- **Information shown**:
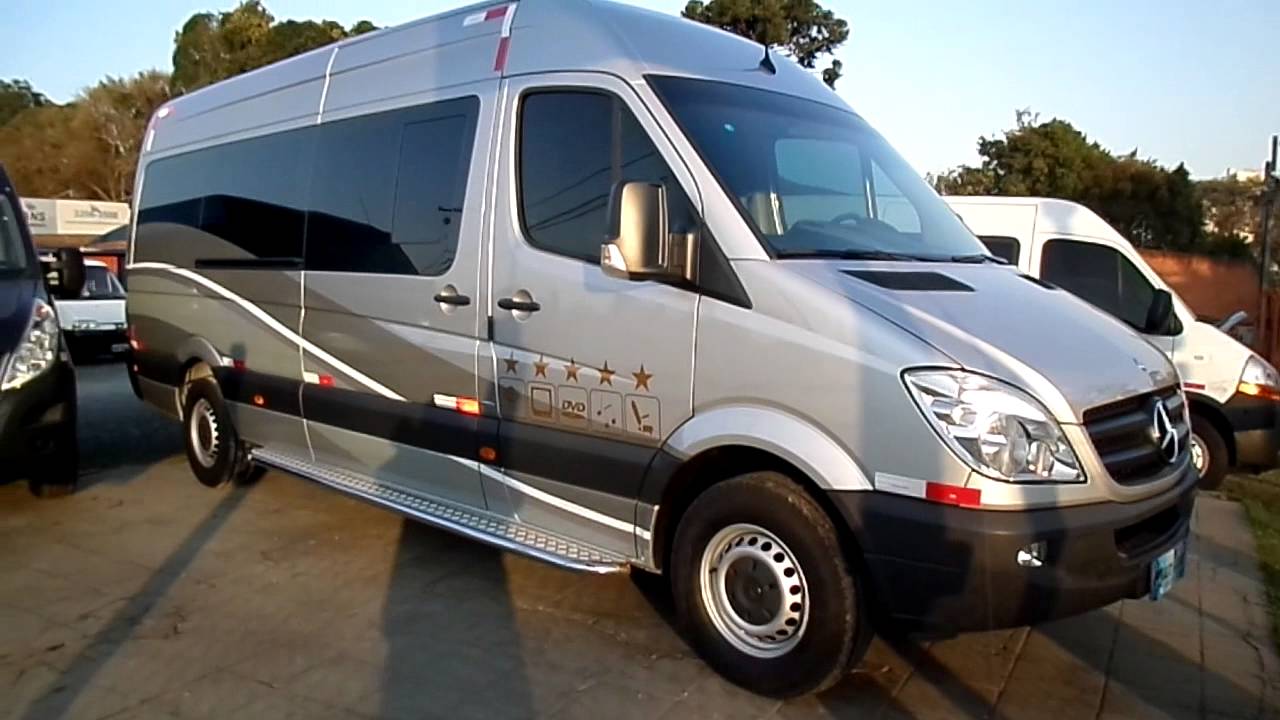 Mercedes Benz Sprinter 2.2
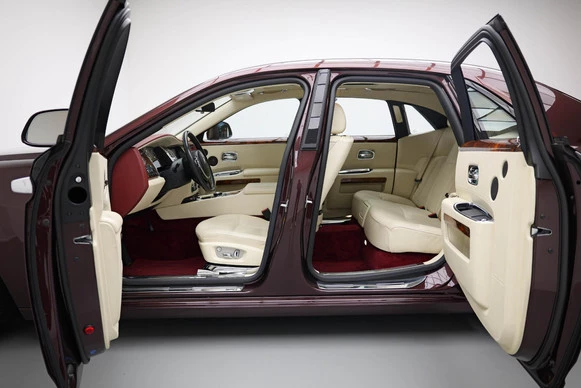 Rolls-Royce Ghost - Afbeelding 11 van 30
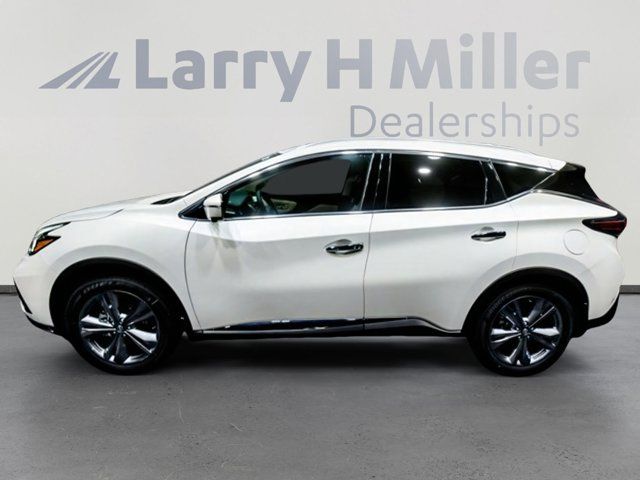 2024 Nissan Murano Platinum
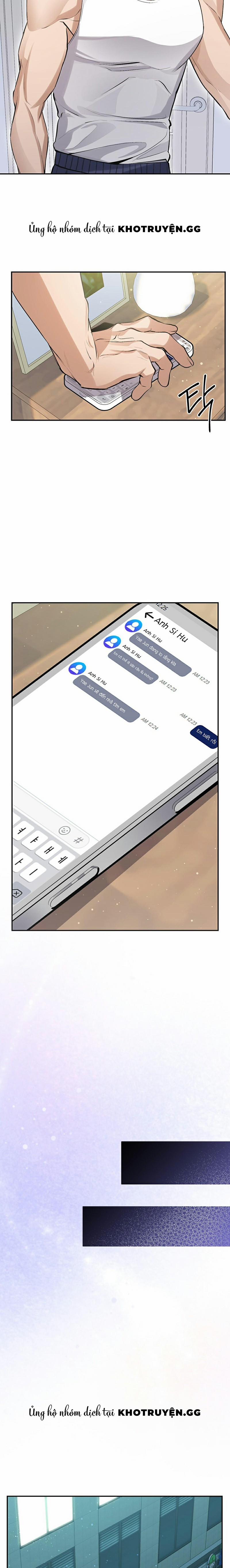 The Muse – Chàng Thơ 8 trang 18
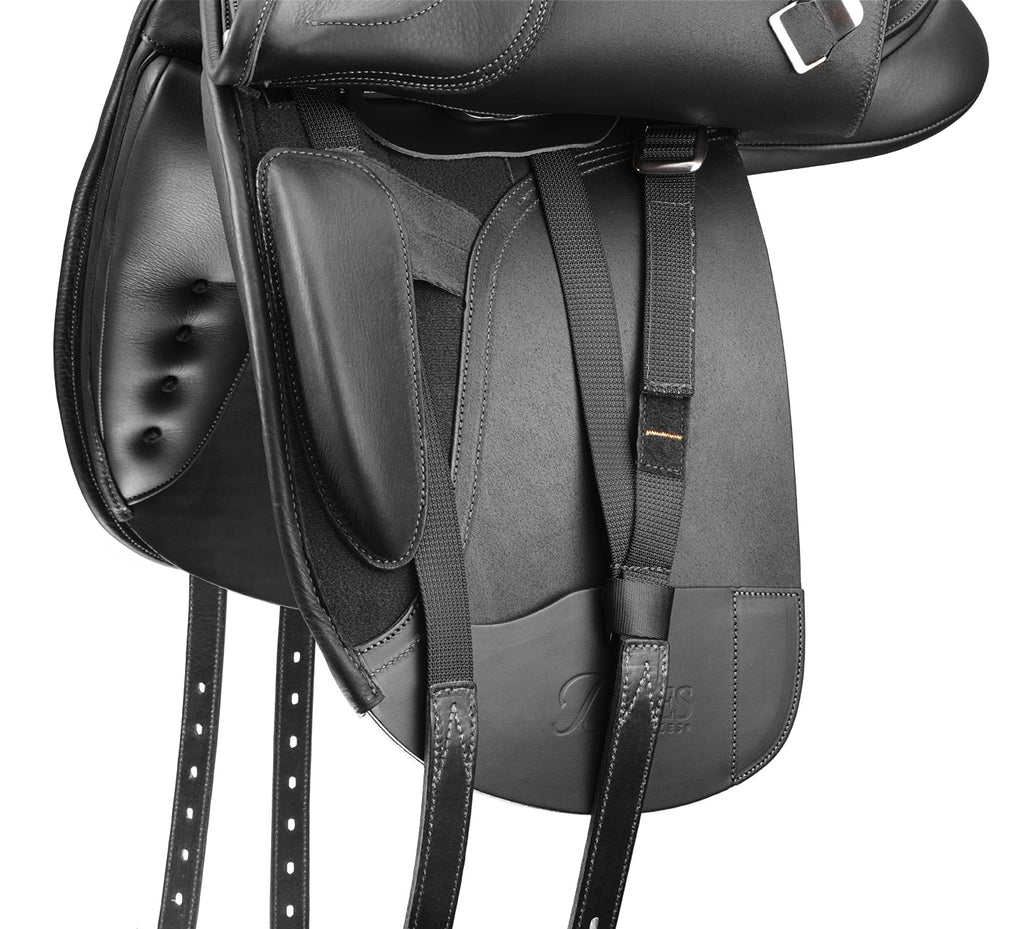 Bates Dressage + Luxe Leather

- **Instructions for the task**:
Please give the data again in full, exactly as written, but without any images.

- **Expected answer**:
 Mercedes Benz Sprinter 2.2
 Rolls-Royce Ghost - Afbeelding 11 van 30
 2024 Nissan Murano Platinum
 The Muse – Chàng Thơ 8 trang 18
 Bates Dressage + Luxe Leather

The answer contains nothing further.